## What you have to do
From the data that follows, set down exactly the lines from the one with "Wickham Reach Rattan" through the one with "Gubsu Edy Terima Demo Ojol Soal Kenaikan BBM", counting both. Pictures stay out.

··· Information given

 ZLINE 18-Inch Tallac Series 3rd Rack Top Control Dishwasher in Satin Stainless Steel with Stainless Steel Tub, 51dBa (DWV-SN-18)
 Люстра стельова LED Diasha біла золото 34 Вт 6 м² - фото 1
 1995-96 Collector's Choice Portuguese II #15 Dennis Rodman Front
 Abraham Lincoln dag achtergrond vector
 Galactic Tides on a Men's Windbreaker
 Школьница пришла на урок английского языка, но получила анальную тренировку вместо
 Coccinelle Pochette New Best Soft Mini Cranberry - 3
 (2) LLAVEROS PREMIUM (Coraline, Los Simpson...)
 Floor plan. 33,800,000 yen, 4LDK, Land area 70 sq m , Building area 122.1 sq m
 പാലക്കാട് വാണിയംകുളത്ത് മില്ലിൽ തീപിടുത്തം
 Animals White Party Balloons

······
··· Information given

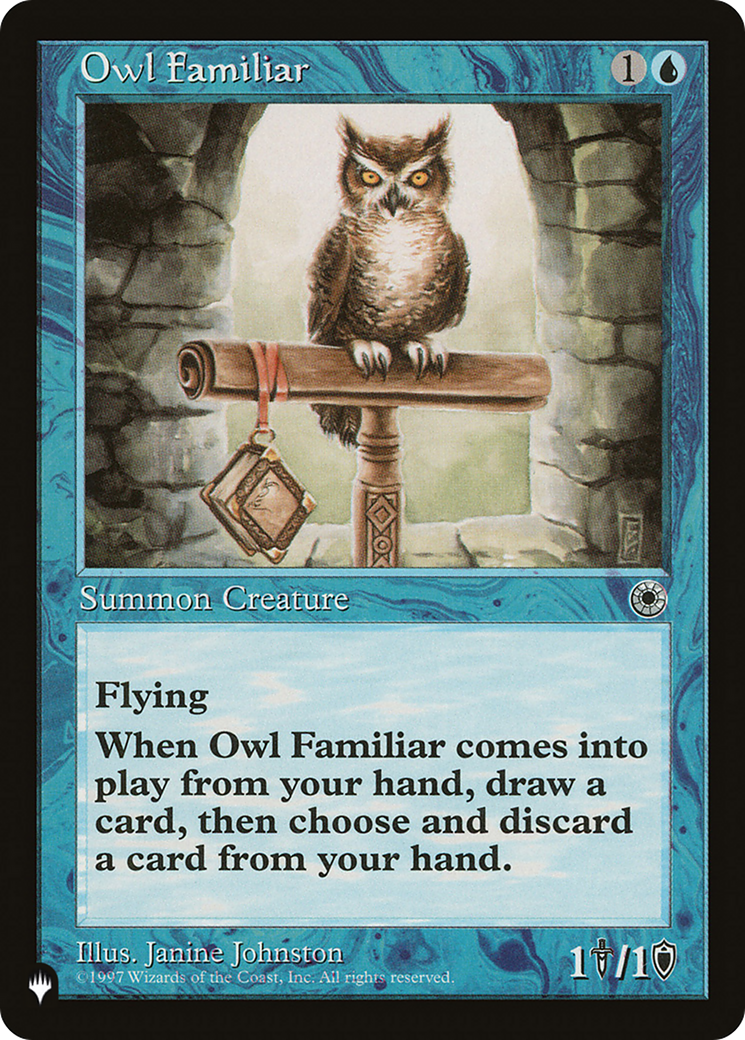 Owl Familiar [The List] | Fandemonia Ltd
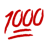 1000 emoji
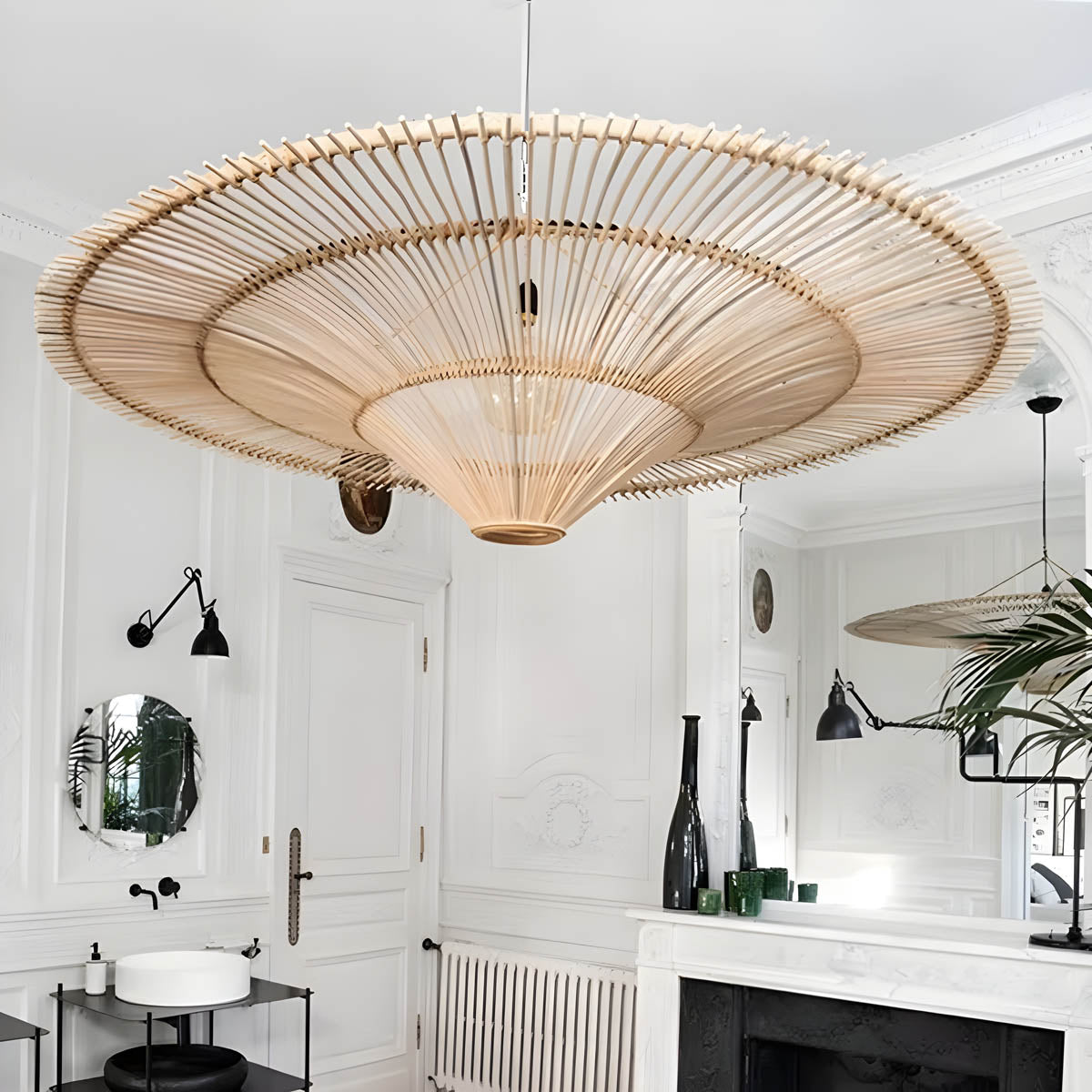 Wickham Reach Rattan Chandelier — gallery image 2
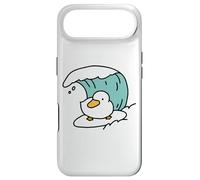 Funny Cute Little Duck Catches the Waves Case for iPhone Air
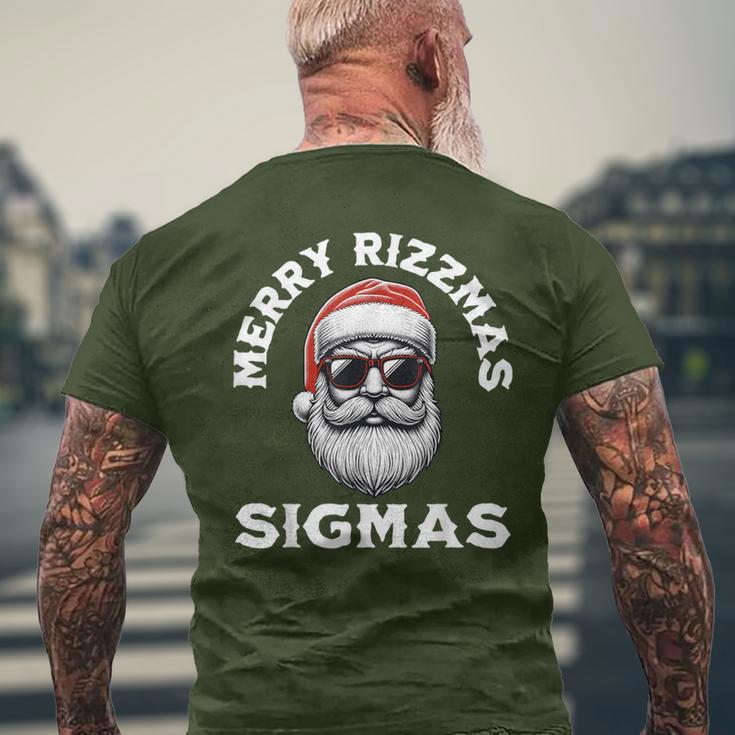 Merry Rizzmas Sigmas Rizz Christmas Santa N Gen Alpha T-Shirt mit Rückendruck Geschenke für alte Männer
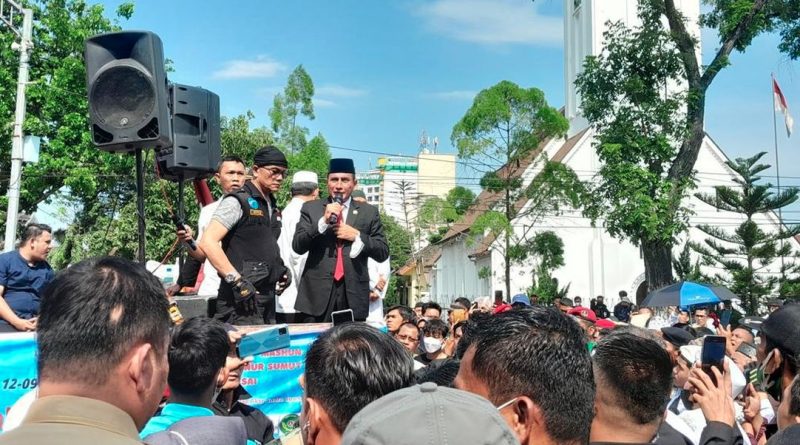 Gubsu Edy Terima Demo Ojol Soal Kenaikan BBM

······

## Task answer
 Wickham Reach Rattan Chandelier — gallery image 2
 Funny Cute Little Duck Catches the Waves Case for iPhone Air
 Merry Rizzmas Sigmas Rizz Christmas Santa N Gen Alpha T-Shirt mit Rückendruck Geschenke für alte Männer
 Gubsu Edy Terima Demo Ojol Soal Kenaikan BBM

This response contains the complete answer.